■ EXERCISE DESCRIPTION ■
Give back all of the data exactly as it stands, with the pictures removed.

■ DATA EXCERPT ■
_ _ _ _ _ _ _
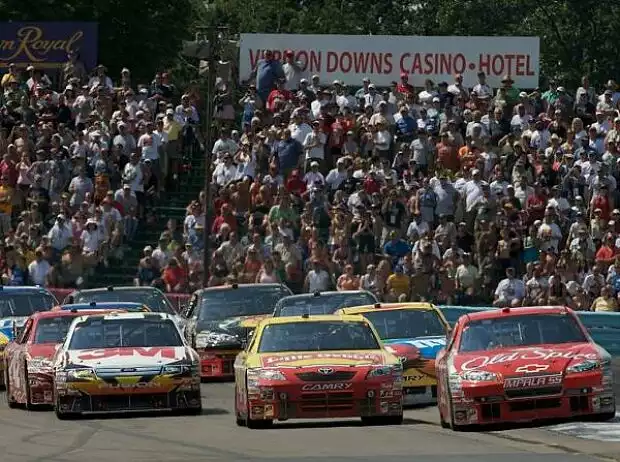 Tony Stewart, Marcos Ambrose Titel-Bild zur News: Tony Stewart, Marcos Ambrose
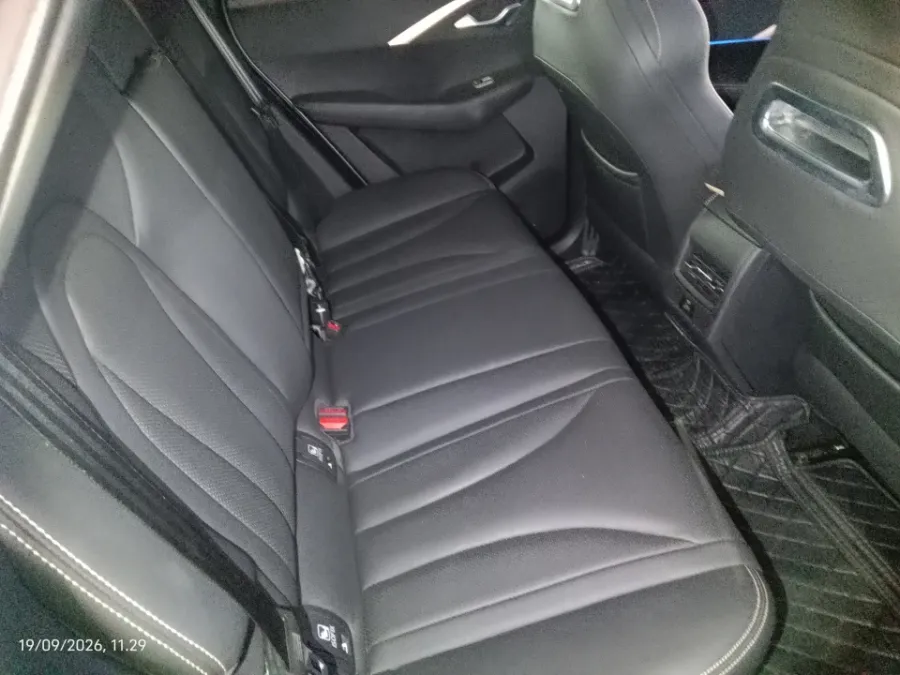 Foto Mobil Bekas Kabin Belakang Chery Omoda 5 1.5 4x2 Luxury tahun 2023
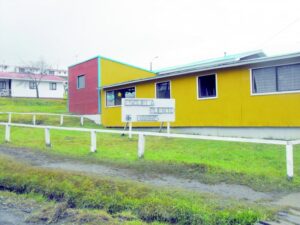 Setenta alumnos quedan sin clases tras cierre de Escuela de Puerto Harris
_ _ _ _ _ _ _
■ REPLY ■
 Tony Stewart, Marcos Ambrose Titel-Bild zur News: Tony Stewart, Marcos Ambrose
 Foto Mobil Bekas Kabin Belakang Chery Omoda 5 1.5 4x2 Luxury tahun 2023
 Setenta alumnos quedan sin clases tras cierre de Escuela de Puerto Harris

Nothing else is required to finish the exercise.